Extract quarterly EPS estimates from FactSet Earnings Insight reports using OCR

These details have not been verified by PyPI

Project description

EPS Estimates Collector

A unified Python package for extracting quarterly EPS (Earnings Per Share) estimates from FactSet Earnings Insight reports using OCR and image processing techniques.

⚠️ Disclaimer: This package is for educational and research purposes only. For production use, please use FactSet's official API. This package processes publicly available PDF reports and is not affiliated with or endorsed by FactSet.

Overview

This project processes chart images containing S&P 500 quarterly EPS data and extracts quarter labels (e.g., Q1'14, Q2'15) and corresponding EPS values. The extracted data is saved in CSV format for further analysis.

Motivation

Financial data providers (FactSet, Bloomberg, Investing.com, etc.) typically offer historical EPS data as actual values—once a quarter's earnings are reported, the estimate is overwritten with the actual figure. This creates a challenge for backtesting predictive models: using historical data means testing against information that was already reflected in stock prices at the time, making it difficult to evaluate the true predictive power of EPS estimates.

To address this, this project extracts point-in-time EPS estimates from historical FactSet Earnings Insight reports.
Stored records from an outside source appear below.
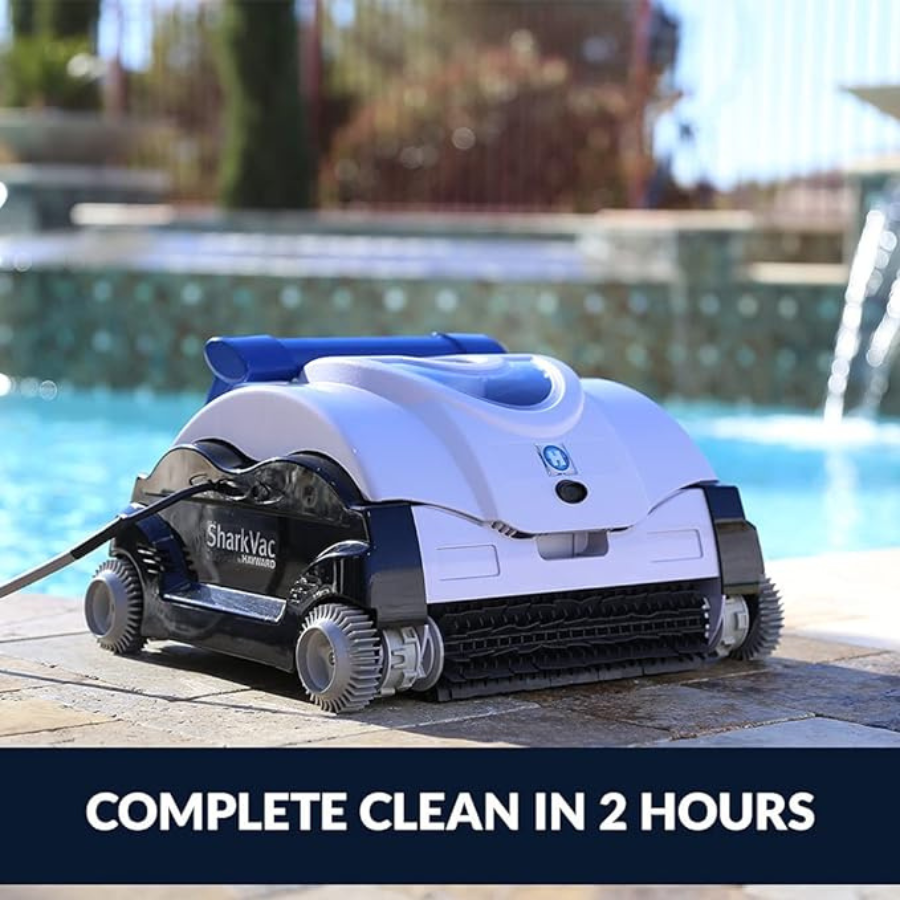 Nettoyeur électronique de piscine creusée SharkVac XL de Hayward avec chariot de transport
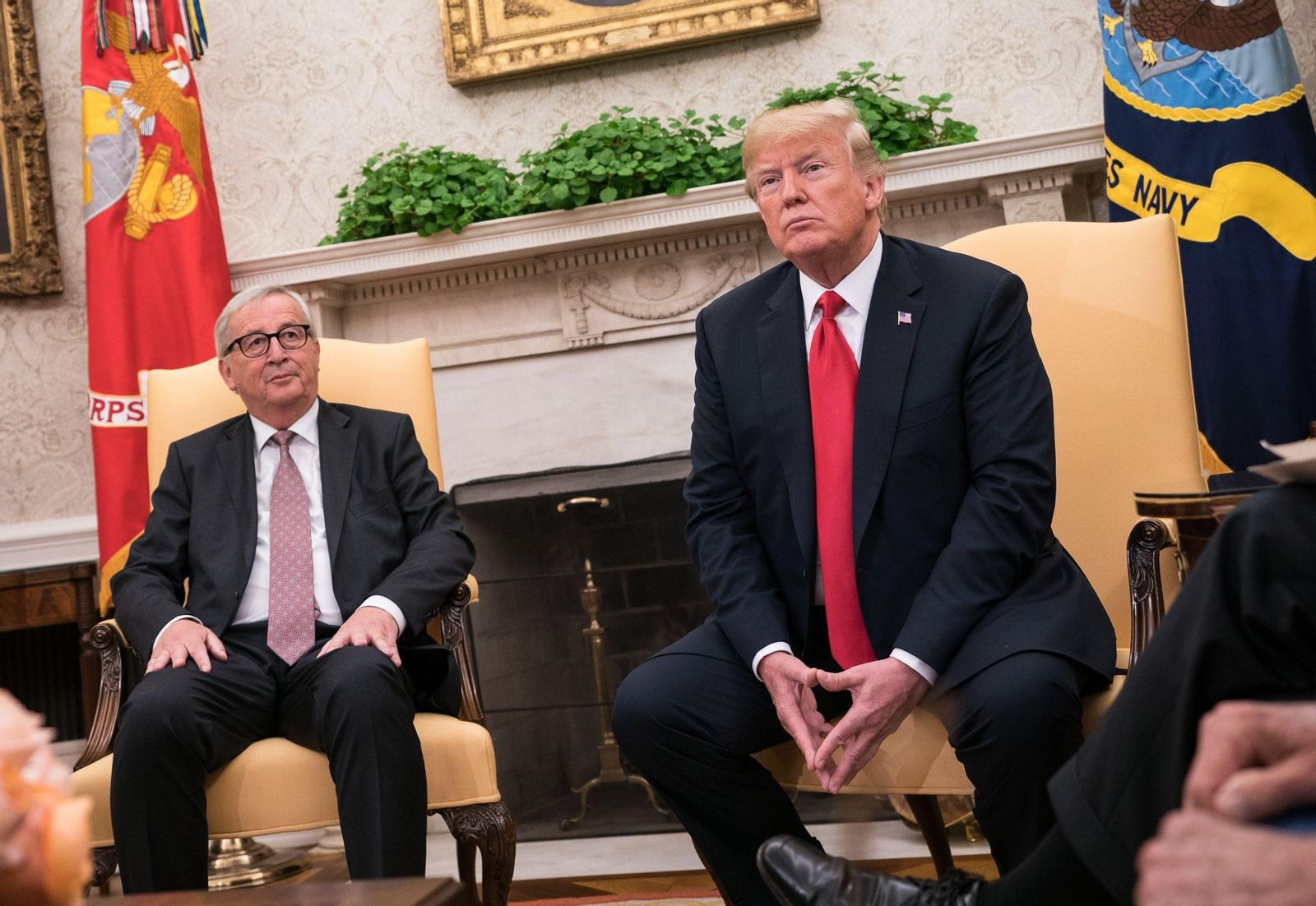 El presidente de la Comisión Europea, Jean-Claude Juncker, y el mandatario de EEUU, Donald Trump, posan ayer ante los medios en la Casa Blanca.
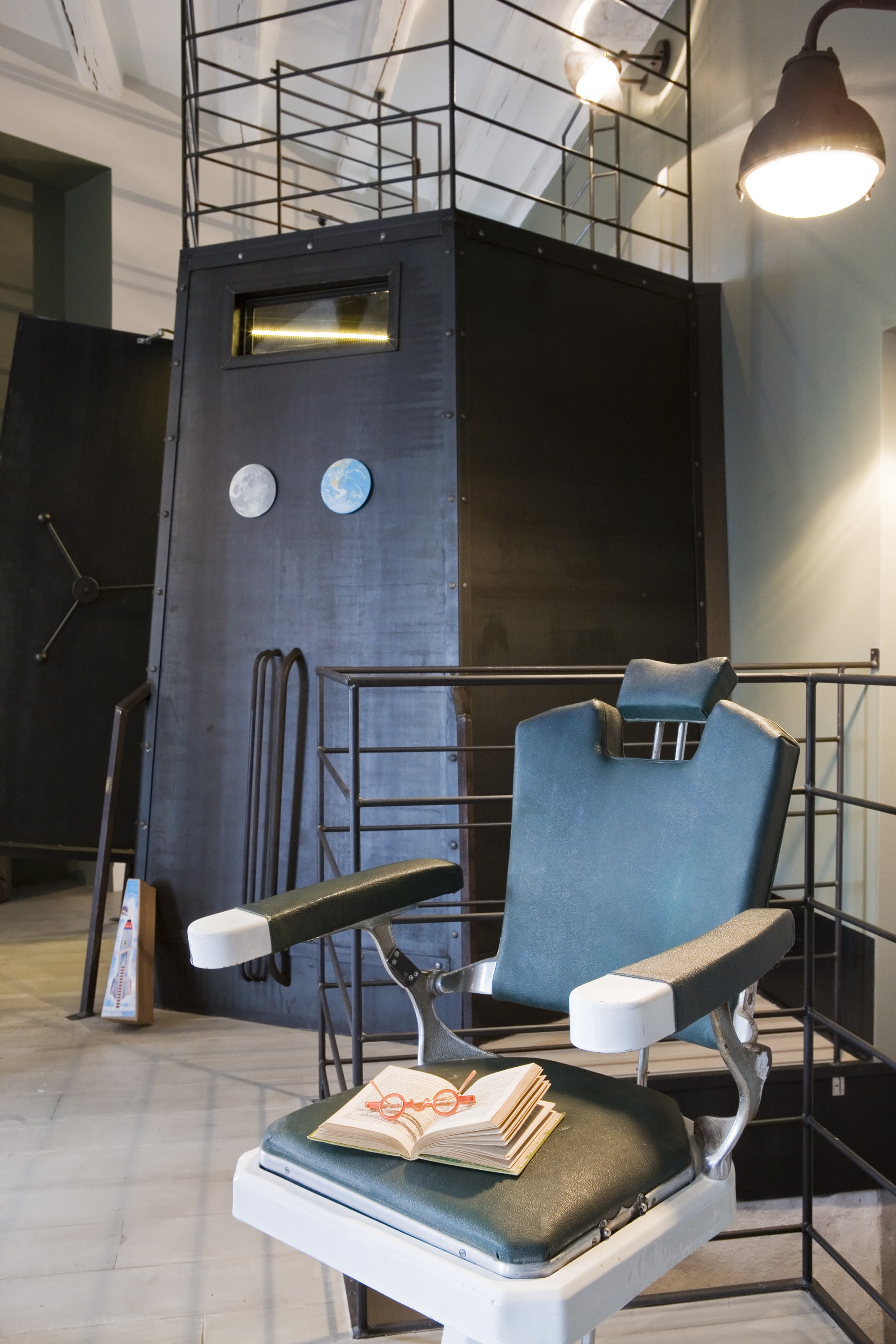 Une nuit sous le ciel étoilé : Chambre à thème De la Terre à la Lune à Nantes — espace de vie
By preserving the estimates as they appeared at each report date (before actual earnings were announced), a dataset can be built that accurately reflects what was known and expected at each point in time, enabling more meaningful backtesting and predictive analysis.

Project Structure

eps-estimates-collector/
├── src/eps_estimates_collector/
│   ├── core/                        # Data collection
│   │   ├── downloader.py            # PDF download
│   │   ├── extractor.py             # Chart extraction
│   │   └── ocr/                     # OCR processing
│   │       ├── processor.py         # Main pipeline
│   │       ├── google_vision_processor.py
│   │       ├── parser.py
│   │       ├── bar_classifier.py
│   │       └── coordinate_matcher.py
│   ├── analysis/                    # P/E ratio calculation
│   │   └── pe_ratio.py
│   └── utils/                       # Cloud storage
│       ├── cloudflare.py            # R2 operations
│       └── csv_storage.py           # CSV I/O
├── scripts/data_collection/         # CLI scripts
├── actions/workflow.py              # GitHub Actions
└── pyproject.toml

Installation

Option 1: Install from Git (Recommended)

# Install with uv
uv pip install git+https://github.com/seung-gu/eps-estimates-collector.git

# Or with pip
pip install git+https://github.com/seung-gu/eps-estimates-collector.git

Option 2: Local Development

# Clone repository
git clone https://github.com/seung-gu/eps-estimates-collector.git
cd eps-estimates-collector

# Install with uv
uv sync

# Or install in editable mode
uv pip install -e .

Requirements

Google Cloud Vision API (Required):
- Create service account and download JSON key
- Set GOOGLE_APPLICATION_CREDENTIALS environment variable
- Setup Guide
Cloudflare R2 (Optional - CI/CD only):
- For GitHub Actions workflow only
- Install: uv sync --extra r2

Usage

Python API

from eps_estimates_collector import calculate_pe_ratio

# Calculate P/E ratios (auto-loads CSV from public URL)
pe_df = calculate_pe_ratio(
    price_data={'2024-01-15': 150.5, '2024-02-15': 152.3},
    type='forward'
)
print(pe_df)

P/E Types:

forward: Q[1:5] - Next 4 quarters (skip current)
mix: Q[0:4] - Current + next 3 quarters
trailing-like: Q[-3:1] - Last 3 + current quarter

Architecture

Overview

┌─────────────────────────────────────────────────────────────────┐
│                      📦 Storage Structure                       │
├─────────────────────────────────────────────────────────────────┤
│                                                                 │
│  📦 Public Bucket (R2_PUBLIC_BUCKET_NAME)                       │
│     ├── extracted_estimates.csv          ← Public URL (no auth) │
│     └── extracted_estimates_confidence.csv                      │
│                                                                 │
│  🔒 Private Bucket (R2_BUCKET_NAME)                             │
│     ├── reports/*.pdf                    ← API key required     │
│     └── estimates/*.png                  ← API key required     │
└─────────────────────────────────────────────────────────────────┘

User Flow 1: API Users (Read-only)

┌──────────────────────────────────────────────────────────────────┐
│  Python Script                                                   │
├──────────────────────────────────────────────────────────────────┤
│                                                                  │
│  from eps_estimates_collector import calculate_pe_ratio           │
│                                                                  │
│  pe_df = calculate_pe_ratio(                                     │
│      price_data={'2024-01-15': 150.5},                           │
│      type='forward'                                              │
│  )                                                               │
│     │                                                            │
│     ├─ read_csv_from_cloud("extracted_estimates.csv")            │
│     │      │                                                     │
│     │      └─ GET https://pub-xxx.r2.dev/extracted_estimates.csv │
│     │            ↑                                               │
│     │            └─ ✅ No API key needed (public URL)            │
│     │                                                            │
│     └─ Calculate P/E ratios → Return DataFrame                   │
└──────────────────────────────────────────────────────────────────┘

Features:

✅ No API keys required
✅ Always loads latest data
✅ No local files needed

User Flow 2: GitHub Actions Workflow (Read/Write)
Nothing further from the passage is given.